- [YOUR INSTRUCTIONS]: Copy out the entries exactly, from the first line to the last.

☆ ☆ ☆ ☆ ☆

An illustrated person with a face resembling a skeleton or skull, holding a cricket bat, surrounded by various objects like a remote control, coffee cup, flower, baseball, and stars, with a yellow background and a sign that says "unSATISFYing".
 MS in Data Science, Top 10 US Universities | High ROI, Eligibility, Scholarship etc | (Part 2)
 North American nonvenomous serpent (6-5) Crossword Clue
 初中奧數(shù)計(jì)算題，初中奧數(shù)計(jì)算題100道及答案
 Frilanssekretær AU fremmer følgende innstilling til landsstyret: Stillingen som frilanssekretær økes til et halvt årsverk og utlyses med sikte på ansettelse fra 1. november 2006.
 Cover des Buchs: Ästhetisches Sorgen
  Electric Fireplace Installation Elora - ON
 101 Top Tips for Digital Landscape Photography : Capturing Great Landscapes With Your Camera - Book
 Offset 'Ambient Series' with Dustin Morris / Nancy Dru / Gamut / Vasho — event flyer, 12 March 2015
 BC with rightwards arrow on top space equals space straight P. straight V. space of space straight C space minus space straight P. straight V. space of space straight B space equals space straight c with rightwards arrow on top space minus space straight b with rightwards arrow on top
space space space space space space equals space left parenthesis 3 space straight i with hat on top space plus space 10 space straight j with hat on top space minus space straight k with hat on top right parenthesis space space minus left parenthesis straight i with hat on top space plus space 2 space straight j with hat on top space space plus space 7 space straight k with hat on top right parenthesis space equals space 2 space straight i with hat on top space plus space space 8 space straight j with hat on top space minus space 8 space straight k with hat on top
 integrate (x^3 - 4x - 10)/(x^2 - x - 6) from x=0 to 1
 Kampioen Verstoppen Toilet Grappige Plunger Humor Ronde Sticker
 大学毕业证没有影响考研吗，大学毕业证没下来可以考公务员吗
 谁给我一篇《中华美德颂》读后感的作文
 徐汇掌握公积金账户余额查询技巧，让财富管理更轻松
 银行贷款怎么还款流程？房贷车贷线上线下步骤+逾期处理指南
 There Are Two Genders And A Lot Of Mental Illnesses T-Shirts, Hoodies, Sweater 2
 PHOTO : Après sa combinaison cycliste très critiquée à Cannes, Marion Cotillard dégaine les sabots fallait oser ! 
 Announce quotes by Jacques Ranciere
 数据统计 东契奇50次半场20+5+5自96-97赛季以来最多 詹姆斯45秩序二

☆ ☆ ☆ ☆ ☆

- [PROBLEM SOLUTION]:
An illustrated person with a face resembling a skeleton or skull, holding a cricket bat, surrounded by various objects like a remote control, coffee cup, flower, baseball, and stars, with a yellow background and a sign that says "unSATISFYing".
 MS in Data Science, Top 10 US Universities | High ROI, Eligibility, Scholarship etc | (Part 2)
 North American nonvenomous serpent (6-5) Crossword Clue
 初中奧數(shù)計(jì)算題，初中奧數(shù)計(jì)算題100道及答案
 Frilanssekretær AU fremmer følgende innstilling til landsstyret: Stillingen som frilanssekretær økes til et halvt årsverk og utlyses med sikte på ansettelse fra 1. november 2006.
 Cover des Buchs: Ästhetisches Sorgen
  Electric Fireplace Installation Elora - ON
 101 Top Tips for Digital Landscape Photography : Capturing Great Landscapes With Your Camera - Book
 Offset 'Ambient Series' with Dustin Morris / Nancy Dru / Gamut / Vasho — event flyer, 12 March 2015
 BC with rightwards arrow on top space equals space straight P. straight V. space of space straight C space minus space straight P. straight V. space of space straight B space equals space straight c with rightwards arrow on top space minus space straight b with rightwards arrow on top
space space space space space space equals space left parenthesis 3 space straight i with hat on top space plus space 10 space straight j with hat on top space minus space straight k with hat on top right parenthesis space space minus left parenthesis straight i with hat on top space plus space 2 space straight j with hat on top space space plus space 7 space straight k with hat on top right parenthesis space equals space 2 space straight i with hat on top space plus space space 8 space straight j with hat on top space minus space 8 space straight k with hat on top
 integrate (x^3 - 4x - 10)/(x^2 - x - 6) from x=0 to 1
 Kampioen Verstoppen Toilet Grappige Plunger Humor Ronde Sticker
 大学毕业证没有影响考研吗，大学毕业证没下来可以考公务员吗
 谁给我一篇《中华美德颂》读后感的作文
 徐汇掌握公积金账户余额查询技巧，让财富管理更轻松
 银行贷款怎么还款流程？房贷车贷线上线下步骤+逾期处理指南
 There Are Two Genders And A Lot Of Mental Illnesses T-Shirts, Hoodies, Sweater 2
 PHOTO : Après sa combinaison cycliste très critiquée à Cannes, Marion Cotillard dégaine les sabots fallait oser ! 
 Announce quotes by Jacques Ranciere
 数据统计 东契奇50次半场20+5+5自96-97赛季以来最多 詹姆斯45秩序二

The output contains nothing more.